• **RECORDED DATA**:
__________
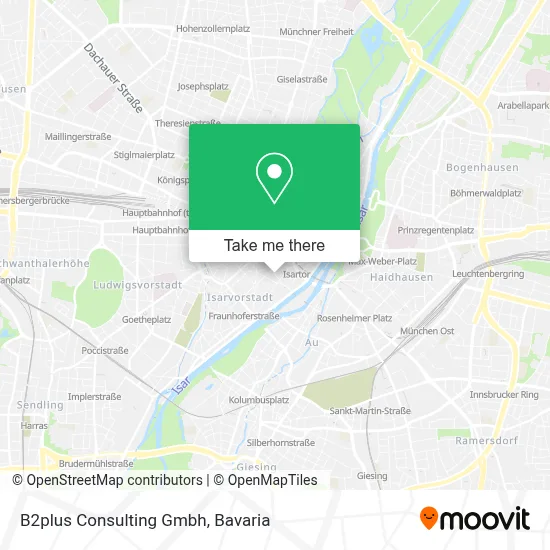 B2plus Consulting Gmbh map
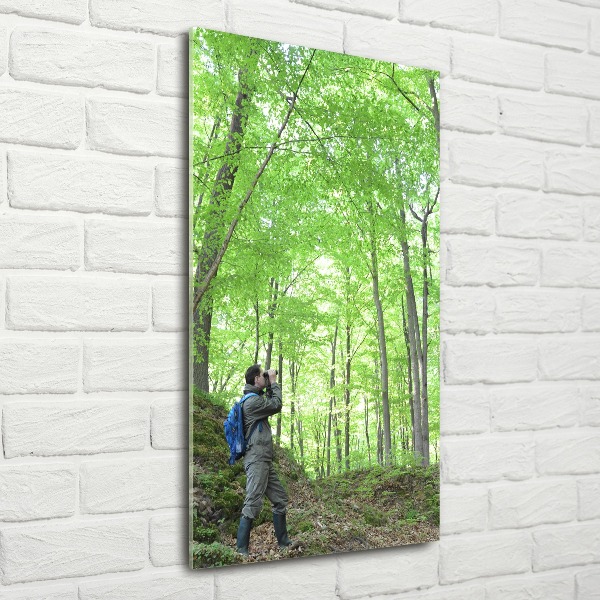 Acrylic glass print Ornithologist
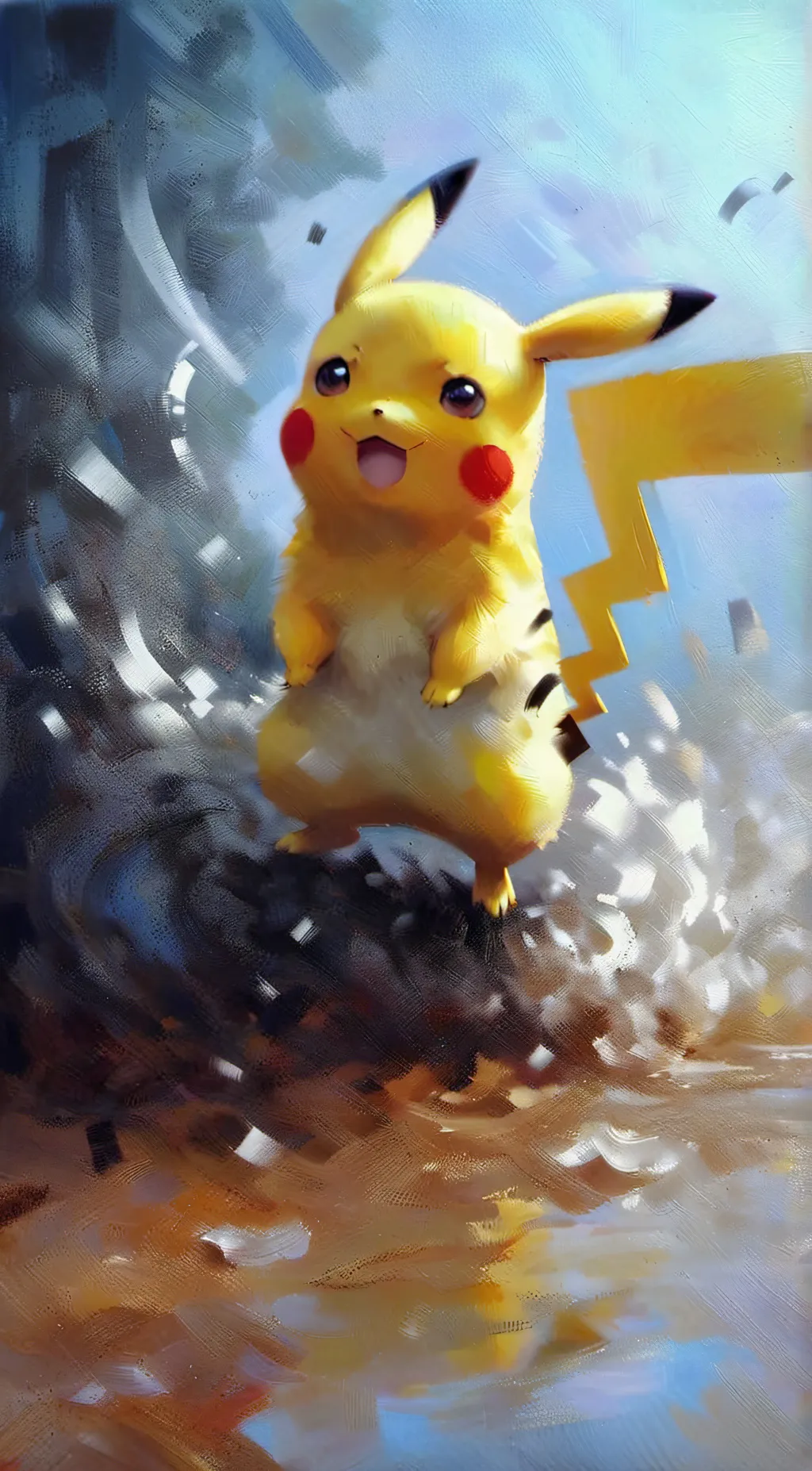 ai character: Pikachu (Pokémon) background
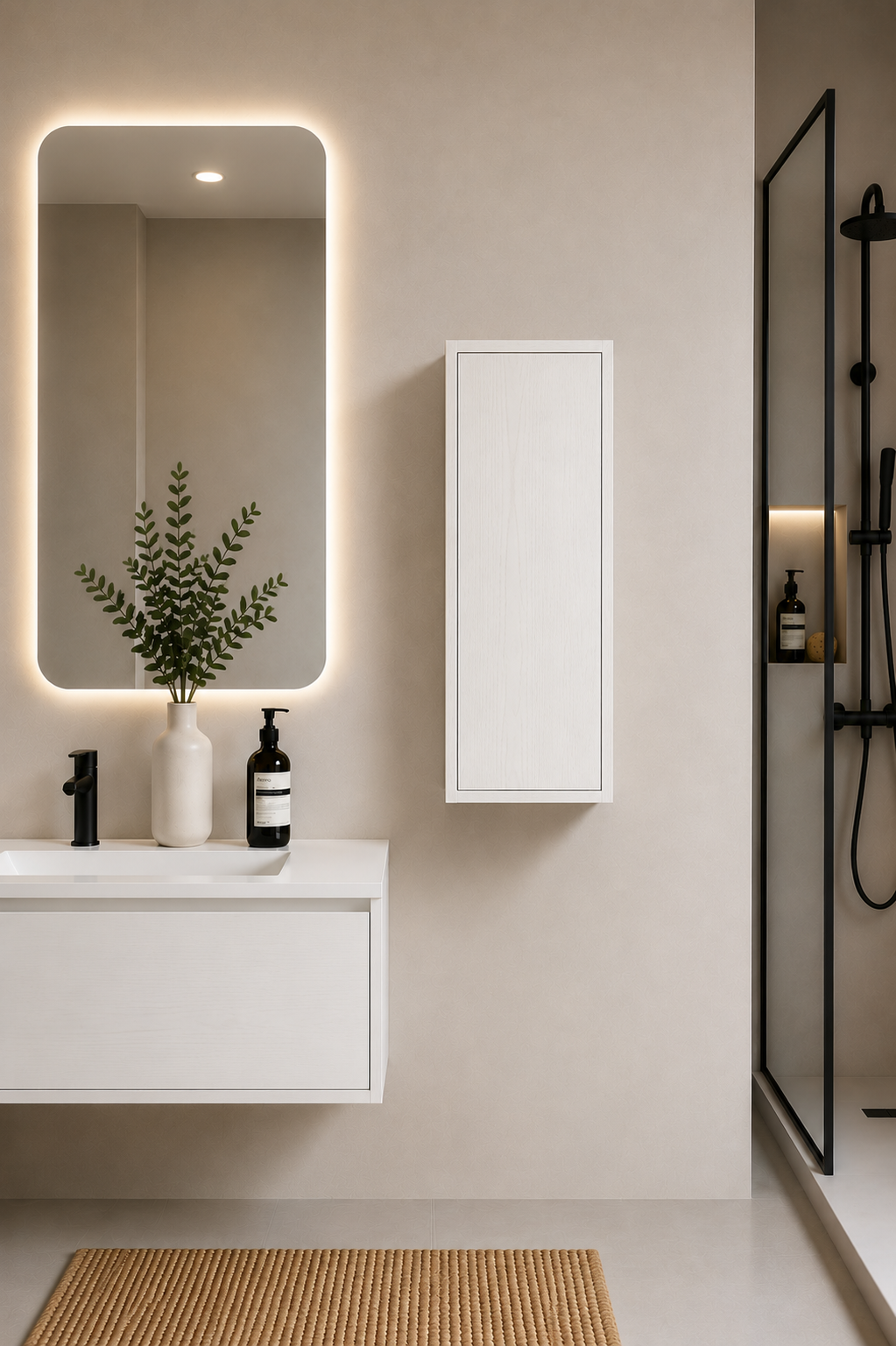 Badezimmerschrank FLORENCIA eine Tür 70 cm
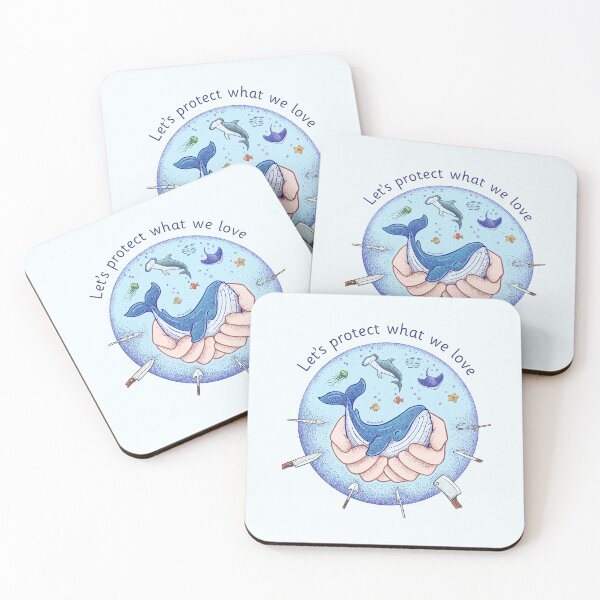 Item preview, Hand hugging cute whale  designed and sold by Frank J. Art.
__________
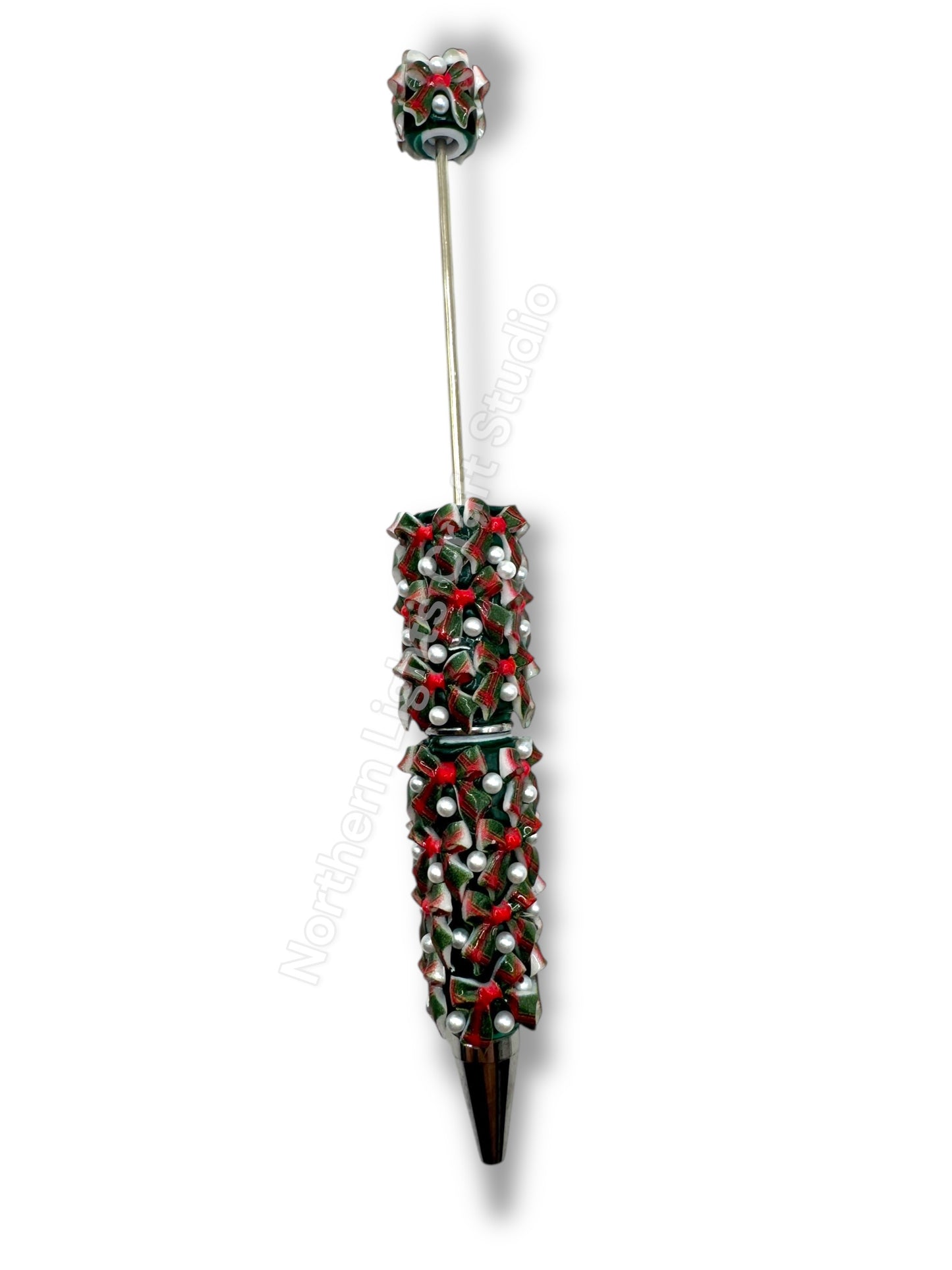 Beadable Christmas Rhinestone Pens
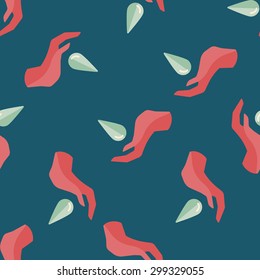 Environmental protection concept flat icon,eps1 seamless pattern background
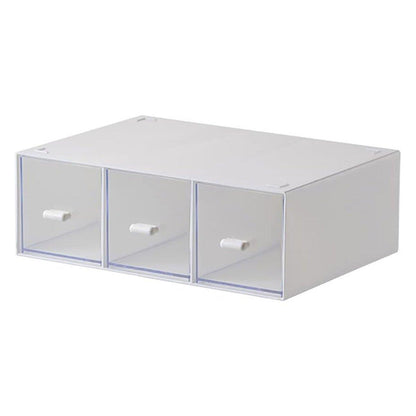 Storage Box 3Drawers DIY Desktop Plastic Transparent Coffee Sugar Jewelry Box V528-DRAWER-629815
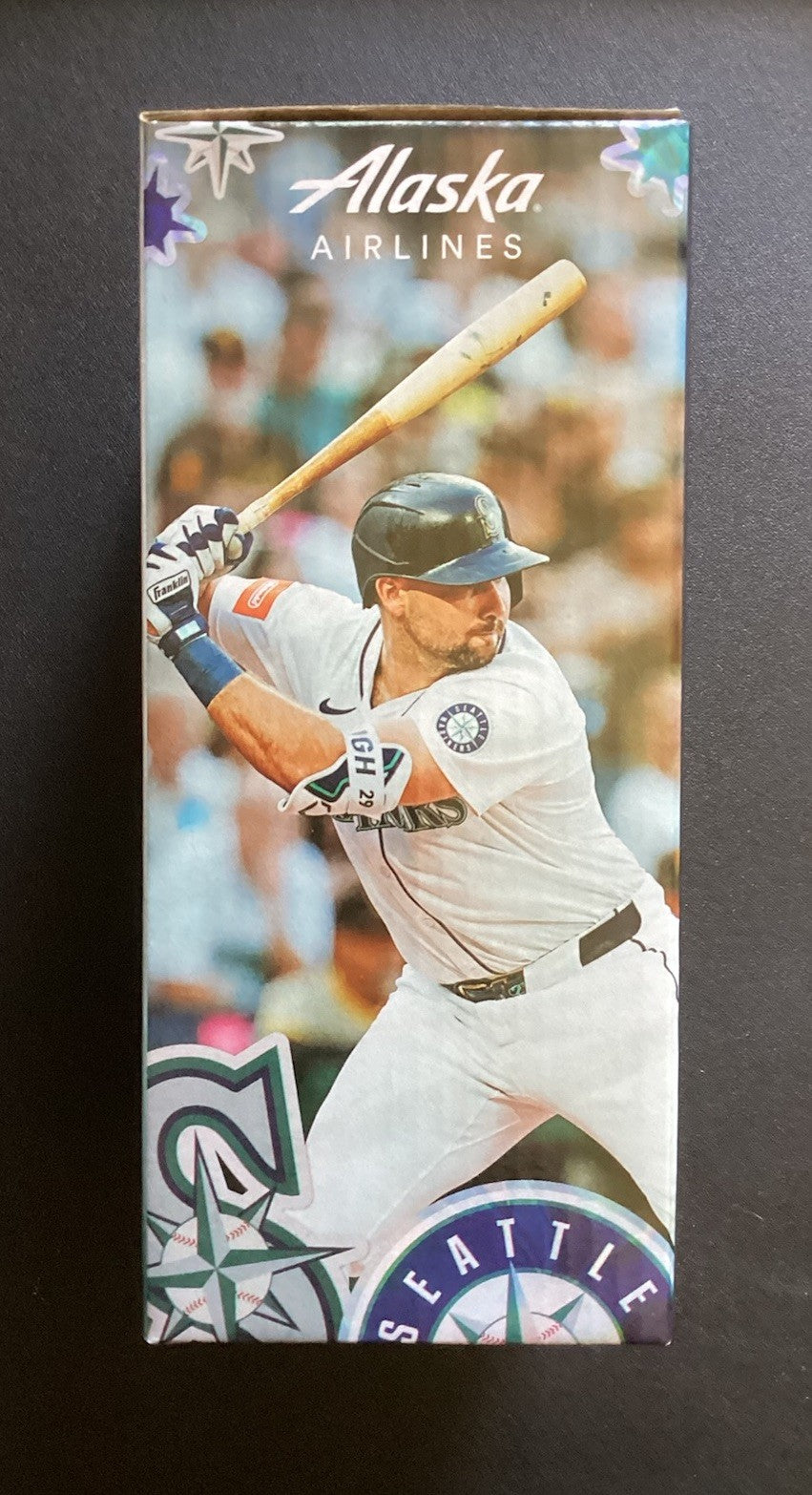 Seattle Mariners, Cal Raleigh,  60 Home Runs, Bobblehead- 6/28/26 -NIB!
__________
• **EXERCISE AIM**: Take the lines above starting at the one containing "Badezimmerschrank FLORENCIA eine Tür 70 cm" and ending at the one containing "Item preview, Hand", and print them again exactly, without pictures.

• **EXERCISE OUTPUT**:
 Badezimmerschrank FLORENCIA eine Tür 70 cm
 Item preview, Hand hugging cute whale  designed and sold by Frank J. Art.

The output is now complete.